=== TASK TO COMPLETE ===
Exclude the pictures, then copy word for word the lines running from the beginning of the records through the line with "DYI CLOTHING Square".
··· DATA IN THIS EXERCISE
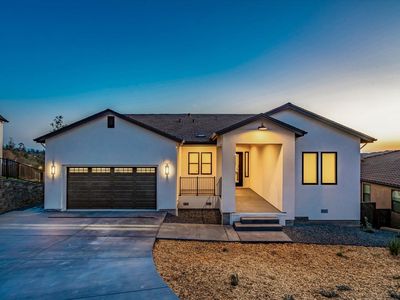 3608 Orbetello Court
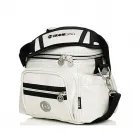 Bolsa Térmica Iron Bag Premium Platinum P na diagonal - 1698728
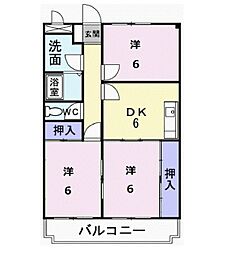 三島市安久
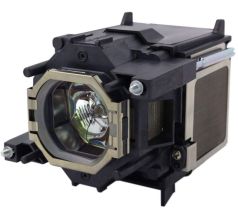 Bóng đèn máy chiếu Sony VPL-FX37
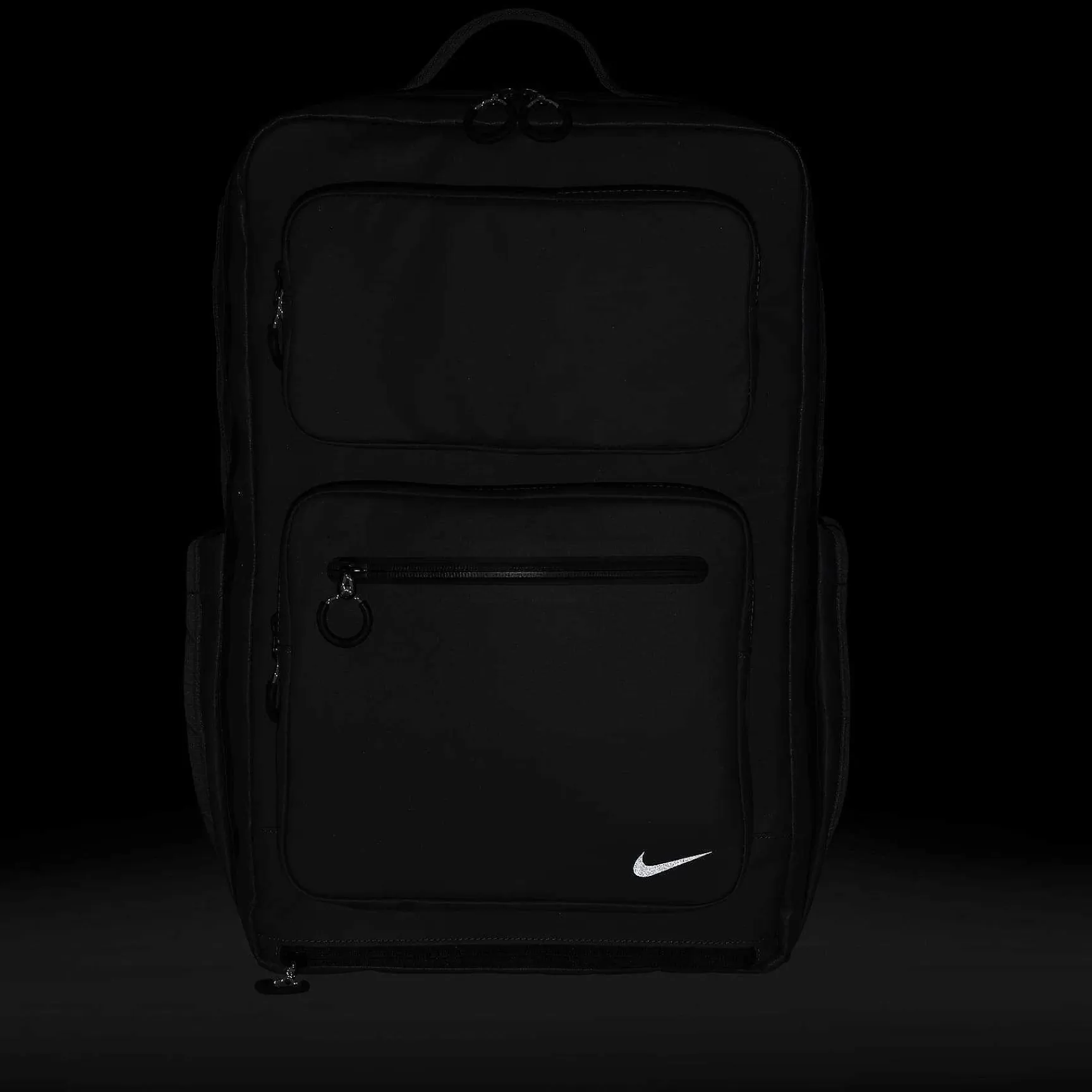 Nike Storm-Fit Adv Utility Speed
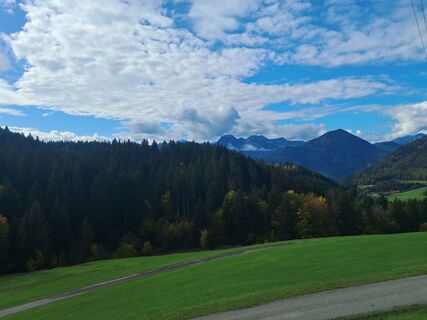 Fotografia z Jörg Schrörs na trase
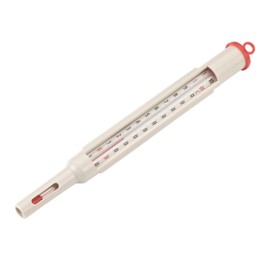 Excellent Health Care Accessories Milk Water Thermometer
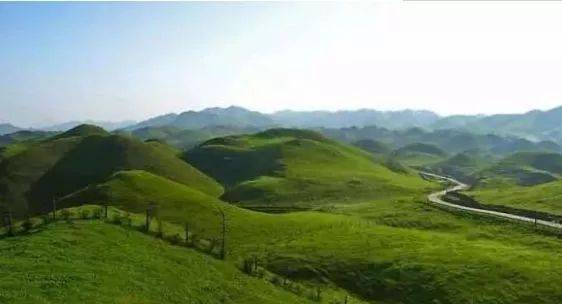 里番精 番精我非常乐意为你提供帮助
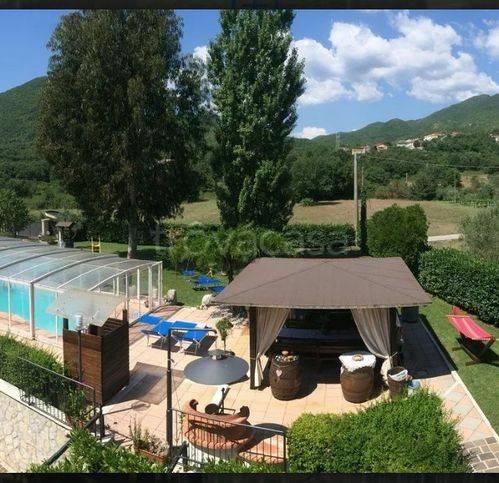 immagine annuncio 5 di 9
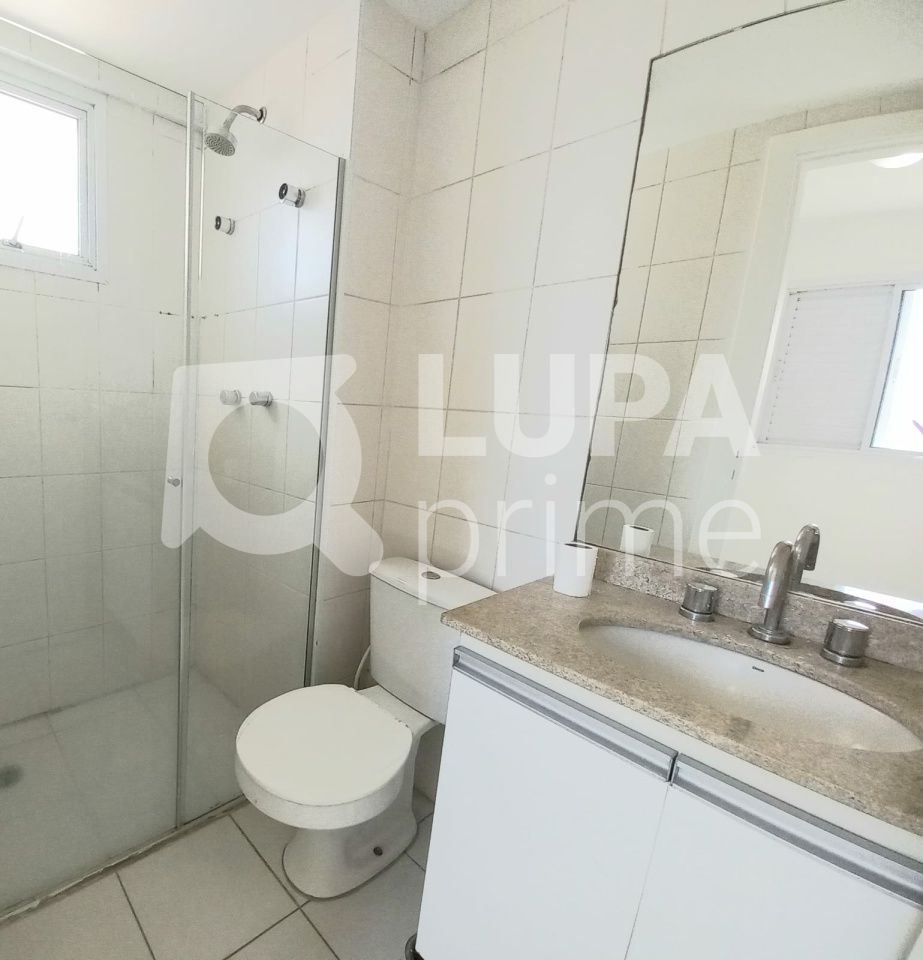 cobertura-venda-sao-paulo-vila-isolina-mazzei-3dormitorios-1suite-2vagas-103m2-LS41411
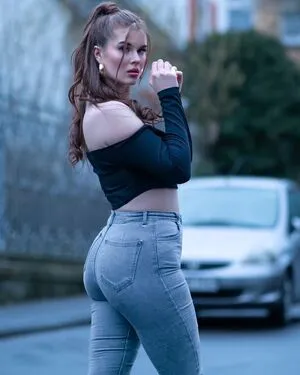 Anoukjhn OnlyFans Leaked Free Thumbnail Picture - #tF0eAOBPlA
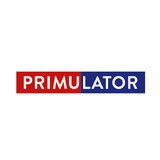 Primulator
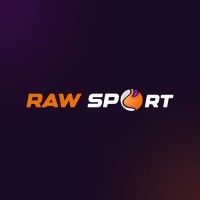 Raw Sports Media logo - Similar company to Efficiency Plus Group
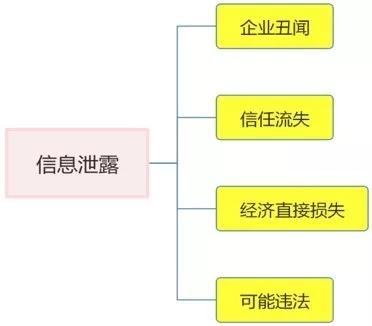 GA�ƽ�ס�(�й���)�ٷ���վ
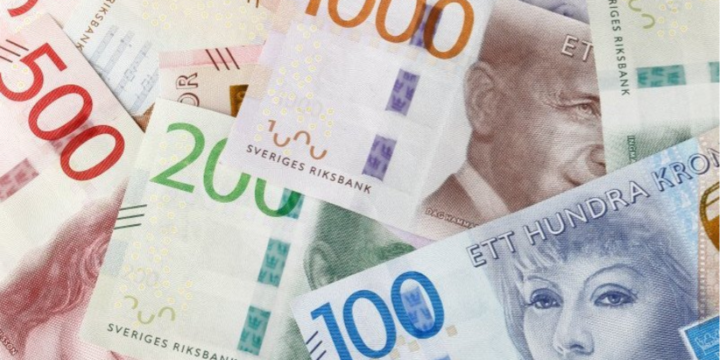 Pantbankens betydelse för svenska folket
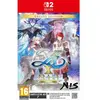 Image de SW2 Ys X Proud Nordics Deluxe Edition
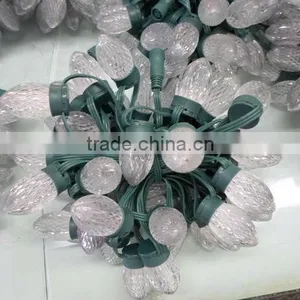 LED String Light Christmas Decorative thumbnail-4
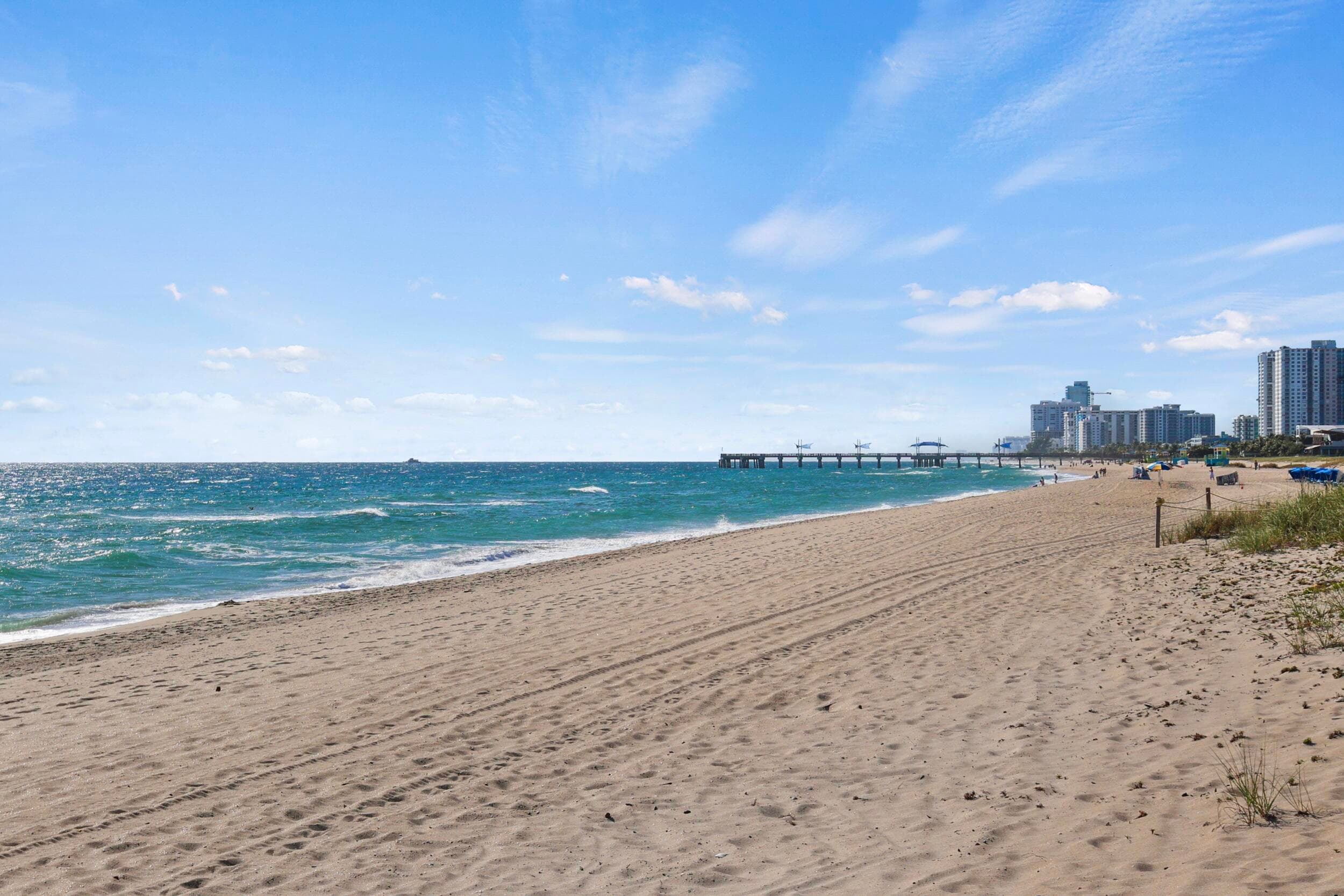 730 N Ocean Boulevard 1402, Pompano Beach, FL 33062 93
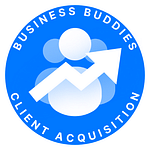 Business Buddies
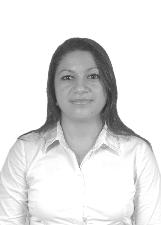 Foto de NARA CIMONE DA SILVA ALVES
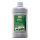 Liqui Moly Políturfényező 500ml
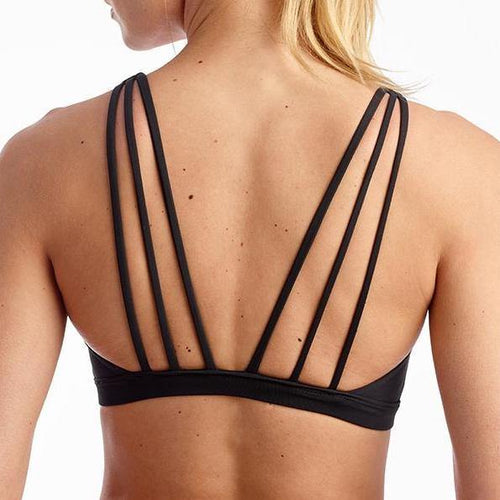 DYI CLOTHING Square Neck Women's Sports Bra on simplyWORKOUT – SIMPLYWORKOUT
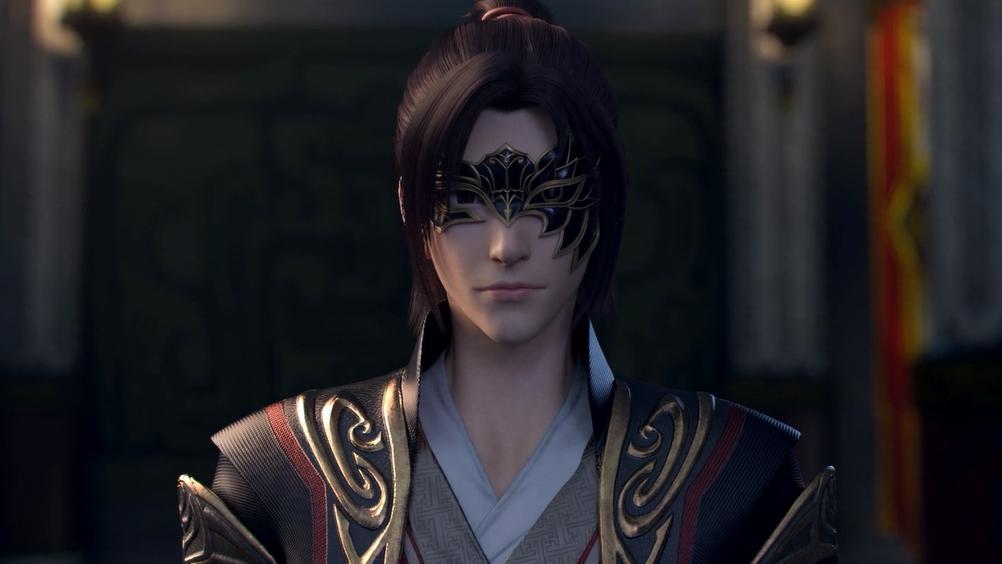 萧炎|斗破苍穹：如何打造中州一流势力？斗技功法炼药师缺一不可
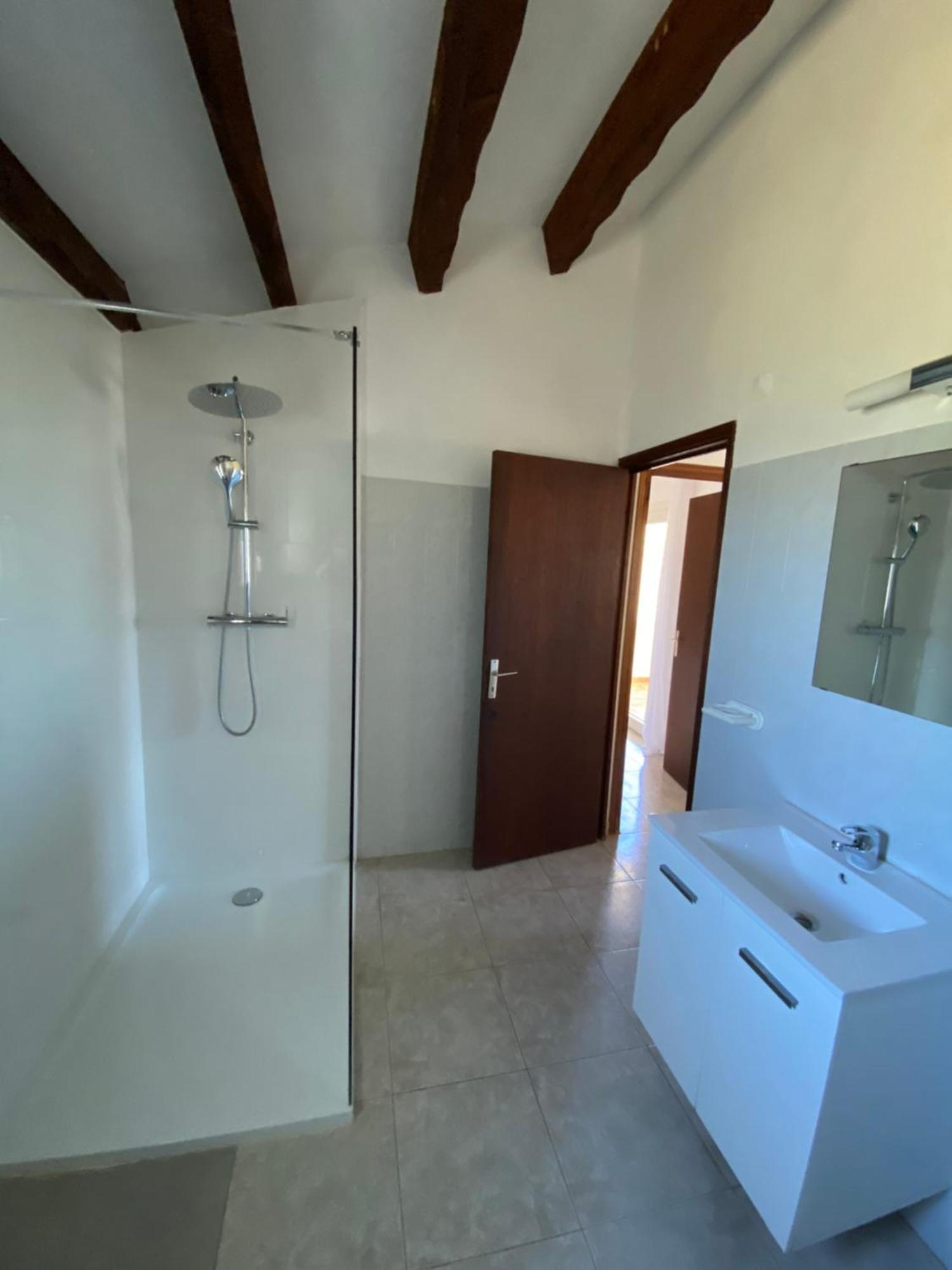 Residences Anna Centuri Exterior photo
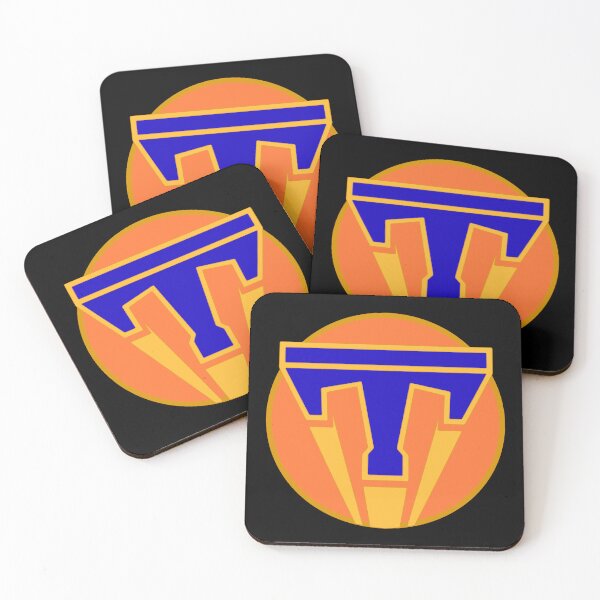 Item preview, Tomorrowland designed and sold by SpireArt.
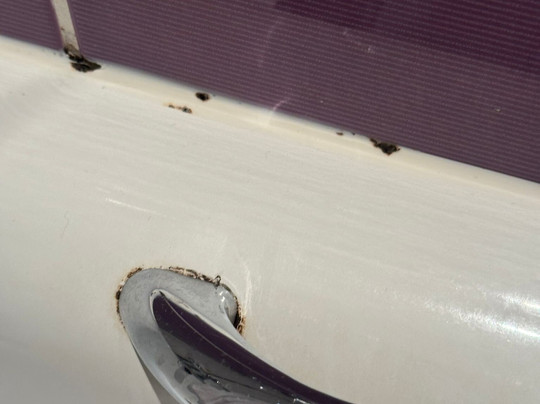 Premier Inn Gatwick Crawley Town West hotel主图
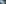 no region, winter, snow, man, hiking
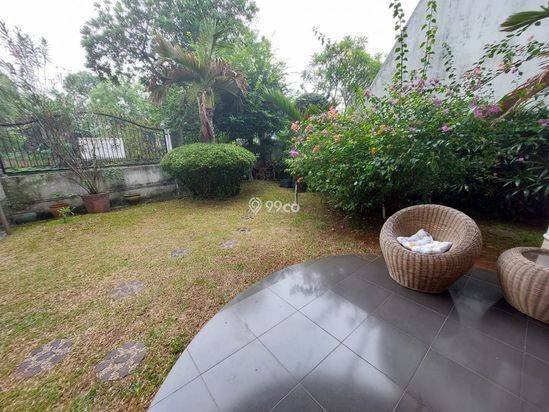 Disewakan Rumah Puri Botanical Residence, Rumah Puri siap Huni, Rumah Mewah Puri Jakarta Barat, Rumah dengan Kolam renang di Puri Botanical. Sewa Rumah Puri Kembangan Mewah Disewakan Rumah Puri Botanical Residence, Rumah Puri siap Huni, Rumah Mewah Puri Jakarta Barat, Rumah dengan Kolam renang di Puri Botanical. Sewa Rumah Puri Kembangan Mewah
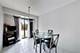 1020 N Harlem Unit 2F, River Forest, IL 60305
······
=== SOLUTION FOR THIS EXERCISE ===
 3608 Orbetello Court
 Bolsa Térmica Iron Bag Premium Platinum P na diagonal - 1698728
 三島市安久
 Bóng đèn máy chiếu Sony VPL-FX37
 Nike Storm-Fit Adv Utility Speed
 Fotografia z Jörg Schrörs na trase
 Excellent Health Care Accessories Milk Water Thermometer
 里番精 番精我非常乐意为你提供帮助
 immagine annuncio 5 di 9
 cobertura-venda-sao-paulo-vila-isolina-mazzei-3dormitorios-1suite-2vagas-103m2-LS41411
 Anoukjhn OnlyFans Leaked Free Thumbnail Picture - #tF0eAOBPlA
 Primulator
 Raw Sports Media logo - Similar company to Efficiency Plus Group
 GA�ƽ�ס�(�й���)�ٷ���վ
 Pantbankens betydelse för svenska folket
 Image de SW2 Ys X Proud Nordics Deluxe Edition
 LED String Light Christmas Decorative thumbnail-4
 730 N Ocean Boulevard 1402, Pompano Beach, FL 33062 93
 Business Buddies
 Foto de NARA CIMONE DA SILVA ALVES
 Liqui Moly Políturfényező 500ml
 DYI CLOTHING Square Neck Women's Sports Bra on simplyWORKOUT – SIMPLYWORKOUT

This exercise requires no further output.